====== DATA FOR THE TASK ======

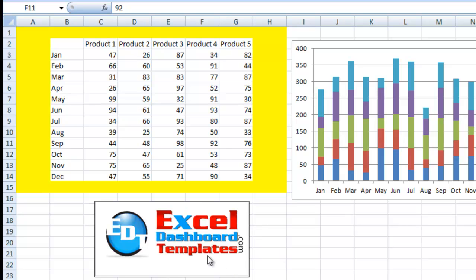Hello and welcome to ExcelDashboardTemplates.com. This is Steve Aples True. Please sign up for my blog at ExcelDashboardTemplates.com so you're sure to get the latest posts. Also don't forget to sign up for my YouTube channel so you're sure to get the latest videos delivered directly to your inbox.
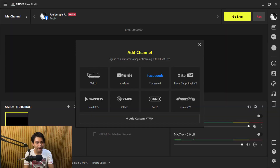What's even better is that you can add channels — you can add YouTube — and you can actually do multi-streaming. OBS doesn't do multi-streaming. So when you go live here, you basically go live on Facebook and you go live on YouTube at the same time.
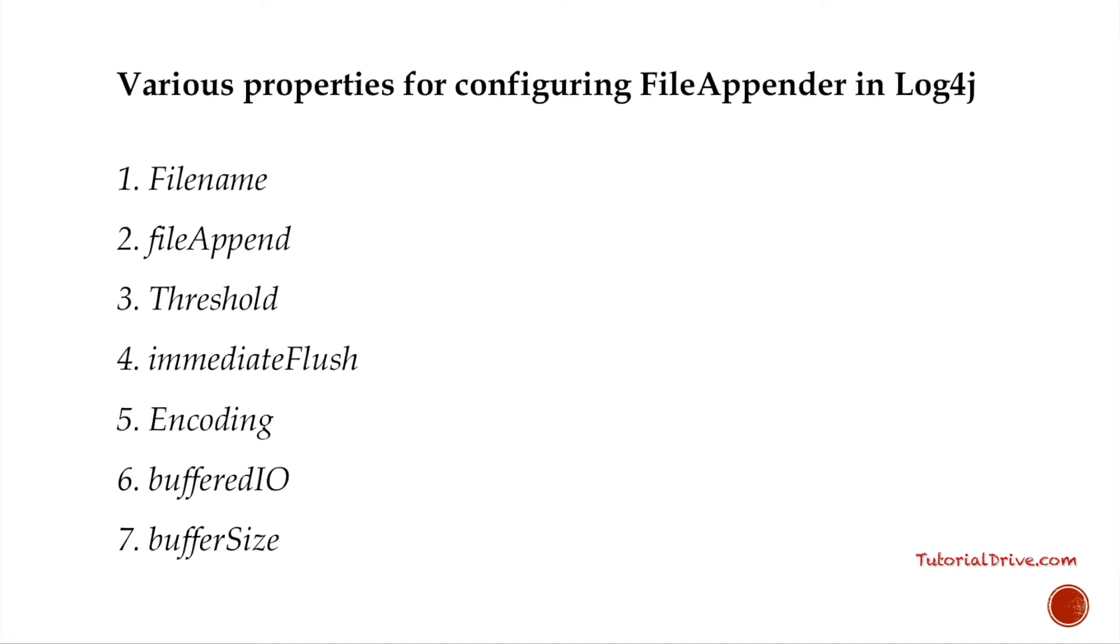When a file reaches a particular size, then what we do is we roll out. I mean, you create additional files and all the old data is dumped to that file. The log files, when they reach maximum memory, the old log files will start getting deleted.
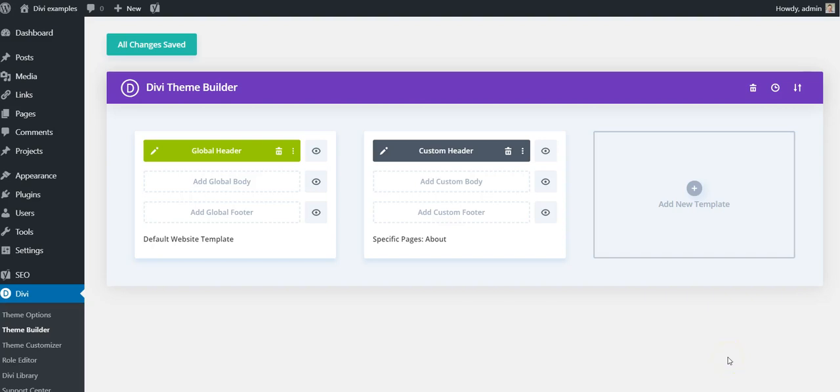Hi, this is Craig from DiviThemeExamples.com and today we're looking at the new Divi 4.0 theme builder and how to make your headers sticky or fixed.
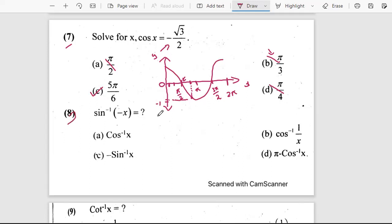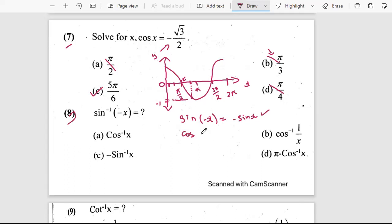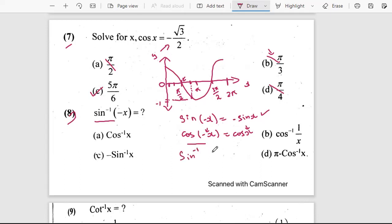The eighth question: sin⁻¹(−x) equals what? This is a property. We know that sin(−x) = −sin x — the sine function is odd. Similarly, the property for the inverse is: sin⁻¹(−x) = −sin⁻¹(x). So the answer is C.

======

WHAT THE TASK ASKS: Give an exact copy of the line containing "When a file" and every line after it through the end of the entries. Pictures are to be dropped.

WRITTEN SOLUTION:
When a file reaches a particular size, then what we do is we roll out. I mean, you create additional files and all the old data is dumped to that file. The log files, when they reach maximum memory, the old log files will start getting deleted.
Hi, this is Craig from DiviThemeExamples.com and today we're looking at the new Divi 4.0 theme builder and how to make your headers sticky or fixed.
The eighth question: sin⁻¹(−x) equals what? This is a property. We know that sin(−x) = −sin x — the sine function is odd. Similarly, the property for the inverse is: sin⁻¹(−x) = −sin⁻¹(x). So the answer is C.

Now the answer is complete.